Dr. Xiao, an associate professor of electrical and computer engineering, along with colleagues from Missouri S and T and the University of Cincinnati are using a porous crystal known as zeolite to develop the sensors.

Funded through a 529,160 dollars grant from the U.S. Army’s Leonard Wood Institute, the researchers are developing prototypes of the sensors, a process for manufacturing them and a means for deploying them in a battlefield or urban warfare situation.

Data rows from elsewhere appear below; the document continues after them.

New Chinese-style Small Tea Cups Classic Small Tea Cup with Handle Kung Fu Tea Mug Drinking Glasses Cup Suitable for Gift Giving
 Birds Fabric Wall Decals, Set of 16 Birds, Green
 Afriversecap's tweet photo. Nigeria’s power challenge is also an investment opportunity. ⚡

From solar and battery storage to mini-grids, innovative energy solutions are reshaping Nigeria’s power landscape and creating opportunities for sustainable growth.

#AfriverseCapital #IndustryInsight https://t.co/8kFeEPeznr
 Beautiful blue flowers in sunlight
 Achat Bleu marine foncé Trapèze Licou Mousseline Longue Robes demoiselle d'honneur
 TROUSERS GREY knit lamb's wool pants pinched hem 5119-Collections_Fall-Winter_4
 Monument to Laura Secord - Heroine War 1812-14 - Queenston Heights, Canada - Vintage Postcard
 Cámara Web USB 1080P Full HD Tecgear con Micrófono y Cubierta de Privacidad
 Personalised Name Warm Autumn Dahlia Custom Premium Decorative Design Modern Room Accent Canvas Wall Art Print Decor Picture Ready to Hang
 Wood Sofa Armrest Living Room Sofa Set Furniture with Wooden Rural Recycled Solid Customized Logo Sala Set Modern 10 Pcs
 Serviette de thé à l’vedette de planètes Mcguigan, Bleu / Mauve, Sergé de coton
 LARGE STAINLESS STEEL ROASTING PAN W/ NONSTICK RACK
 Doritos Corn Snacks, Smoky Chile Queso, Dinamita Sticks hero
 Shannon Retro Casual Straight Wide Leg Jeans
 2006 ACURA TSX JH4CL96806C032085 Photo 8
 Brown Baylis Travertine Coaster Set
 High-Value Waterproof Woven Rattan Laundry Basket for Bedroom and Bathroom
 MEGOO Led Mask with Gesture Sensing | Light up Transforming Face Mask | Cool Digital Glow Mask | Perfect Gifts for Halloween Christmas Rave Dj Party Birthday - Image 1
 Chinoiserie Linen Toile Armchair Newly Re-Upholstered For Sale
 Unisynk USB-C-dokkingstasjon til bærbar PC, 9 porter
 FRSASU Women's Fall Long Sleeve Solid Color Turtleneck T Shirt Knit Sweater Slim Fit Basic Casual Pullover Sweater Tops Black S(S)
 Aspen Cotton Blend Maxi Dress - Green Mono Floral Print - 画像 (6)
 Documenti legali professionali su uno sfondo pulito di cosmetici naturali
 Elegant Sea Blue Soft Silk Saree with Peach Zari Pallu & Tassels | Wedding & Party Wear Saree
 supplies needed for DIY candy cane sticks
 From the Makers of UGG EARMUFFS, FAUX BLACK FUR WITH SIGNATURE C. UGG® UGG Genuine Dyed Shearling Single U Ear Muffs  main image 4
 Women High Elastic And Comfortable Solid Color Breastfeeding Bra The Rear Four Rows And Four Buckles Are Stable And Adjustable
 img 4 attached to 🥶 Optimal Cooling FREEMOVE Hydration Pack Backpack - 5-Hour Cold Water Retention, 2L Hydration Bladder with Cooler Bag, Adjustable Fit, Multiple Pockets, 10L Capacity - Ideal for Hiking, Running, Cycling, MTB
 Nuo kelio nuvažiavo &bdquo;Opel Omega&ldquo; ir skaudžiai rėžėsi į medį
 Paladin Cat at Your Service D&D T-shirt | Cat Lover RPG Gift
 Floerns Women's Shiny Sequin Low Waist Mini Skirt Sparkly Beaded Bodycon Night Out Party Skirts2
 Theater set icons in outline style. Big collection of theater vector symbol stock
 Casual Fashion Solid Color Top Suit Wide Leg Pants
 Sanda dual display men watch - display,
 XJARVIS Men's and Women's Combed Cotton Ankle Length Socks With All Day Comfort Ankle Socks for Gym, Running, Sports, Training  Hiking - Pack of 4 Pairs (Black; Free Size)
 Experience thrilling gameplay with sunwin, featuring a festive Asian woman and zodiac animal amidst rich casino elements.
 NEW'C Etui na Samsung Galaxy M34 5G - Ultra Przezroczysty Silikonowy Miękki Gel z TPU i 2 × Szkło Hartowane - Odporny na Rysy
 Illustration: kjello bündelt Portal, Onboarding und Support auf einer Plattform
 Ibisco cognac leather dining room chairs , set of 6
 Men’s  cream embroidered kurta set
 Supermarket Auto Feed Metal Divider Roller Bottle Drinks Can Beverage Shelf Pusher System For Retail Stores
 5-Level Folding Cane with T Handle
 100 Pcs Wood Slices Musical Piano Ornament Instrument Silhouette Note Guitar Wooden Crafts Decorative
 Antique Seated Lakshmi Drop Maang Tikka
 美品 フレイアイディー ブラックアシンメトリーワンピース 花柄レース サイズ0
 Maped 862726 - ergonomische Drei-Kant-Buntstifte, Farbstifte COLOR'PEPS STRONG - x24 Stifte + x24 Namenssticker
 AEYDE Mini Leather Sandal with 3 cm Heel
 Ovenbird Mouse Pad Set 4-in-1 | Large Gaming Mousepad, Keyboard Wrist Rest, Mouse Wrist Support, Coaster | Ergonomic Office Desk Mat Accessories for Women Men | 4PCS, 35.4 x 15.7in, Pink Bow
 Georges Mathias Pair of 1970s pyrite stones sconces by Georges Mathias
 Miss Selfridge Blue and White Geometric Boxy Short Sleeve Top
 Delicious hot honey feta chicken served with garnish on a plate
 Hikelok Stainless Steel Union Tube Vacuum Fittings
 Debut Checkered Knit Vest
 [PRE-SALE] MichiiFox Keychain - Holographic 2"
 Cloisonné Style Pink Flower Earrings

The zeolite sensors would be deployed in the battlefield via “motes” developed by Dr. Xiao’s co-investigator, Dr. Jagannathan Sarangapani, the William A. Rutledge-Emerson Distinguished Professor of Electrical Engineering. These are small, battery-powered devices that would hold perhaps a dozen or so sensors and have the ability to communicate with one another via a wireless network. The motes could also be controlled remotely, allowing soldiers to maintain a safe distance from deadly chemicals.

While the sensors are designed to aid the military, Dr. Xiao thinks they may also have environmental benefits. In more concentrated quantities, the absorbent properties of zeolite may make it ideal for cleaning up environmental messes, such as a chemical spill. “It’s more like a sieve and has been used for molecular separations,” said Xiao. “But because of its large surface area, zeolite also acts as an absorbent for efficient collection of target samples from the environment,” he added.